Within these conditions, one tends to retain a few things, some of which I’ve been reminded of from time to time relative to the market research space and their residents. I’m going to throw a few out here and see what happens.
The what is easy. The why is not.
I recall two years of 700-level statistics coursework, always at 8am. Stats are always taught at 8am. I recall a quote from my textbook, “if I only had one day left to live, I would spend it in a statistics class, because the day would seem so much longer.” Working in the MR space I’ve met many clients and colleagues in this space, as we all have. I notice how many people new to the industry are taught how to do things, but not the why behind it. For example, we rotate concepts because it ‘reduces bias’ (actually it’s due to phenomena called the primacy & recency effect). Or, we ask these particular questions for all concept tests regardless of category because that’s how we do things here at (insert Honomichl name). Or, we’re not shrinking our 25 minute survey because we know people enjoy shaping the products of the future. Or, we can run t-tests and ANOVAs on any data set, regardless of how the sample was recruited & drawn, or considerations for compounding error…
So about this .05…
Let’s consider bread and butter significance testing: crosstabs. How often are insights created via PowerPoint by looking for the asterisks and mini-font letters indicating a significant difference? Anyone want to bet the word ‘significant’ is never misunderstood? More to the point: why .05? Ever wonder what is so magical about that particular threshold? Based on what I was taught, .05 is an arbitrarily agreed to compromise that splits the chances of making a Type 1 and Type 2 error.

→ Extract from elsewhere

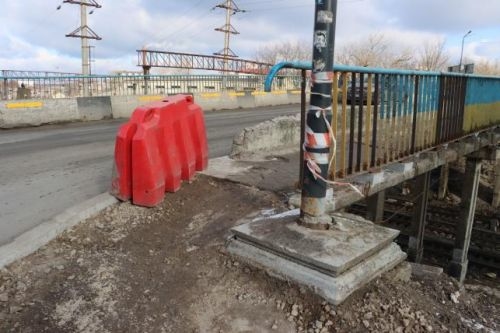 На Горбатому мості у Тернополі на пішохідній частині утворилися глибокі тріщини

Lest we forget, a Type 1 error is rejecting the null hypothesis when it is in fact true (i.e. believing you have a difference in samples when there isn’t) and a Type 2 error is the opposite (i.e. there is a difference in samples but your measurement instrument isn’t detecting it). Ergo, there is nothing special about .05. Could be .04 or .06 or .08, etc. Sometimes you’ll see .01, a more stringent threshold, but the point I’m trying to make is this: please don’t assume ‘the truth’ magically kicks in at .05. It doesn’t. Yes it helps to have a threshold; however the specific boundary holds no inherent path to insights.
Non parametrics, where art thou?
Are analyses which originate via online and similar convenience samples making a fundamental assumption that the population is distributed normally? I believe yes. Is this in fact the case? I argue: not likely. I’m not going to deep dive into the reasons, and this isn’t a quality discussion (I addressed that in my prior post). Rather, from a statistical point of view, when we run crosstabs and other common tests of significance, these tests assume normalized populations and samples drawn randomly. I argue this scenario is a rarity in real-world conditions. More to the point, how many of us are implementing chi-square tests and similar? Non-parametrics are tests of significance that assume ‘real-world’ sampling. I find them both fascinating, and apparently invisible. Is anyone out there using them for your analyses?
In case you’re curious…
I think what’s amazing about our profession is the abundance of learning opportunities and continuing education. From the MRA and similar organizations, Research Rockstar, the many groups on LinkedIn, the streaming Research Business Daily Report, to this very blog, we enjoy convenient, accessible, expert instruction, on demand. In particular I hope the managers out there encourage and support their younger employees to devote a few hours a week to participate in these opportunities. Thank you for reading and I hope you found this worthwhile.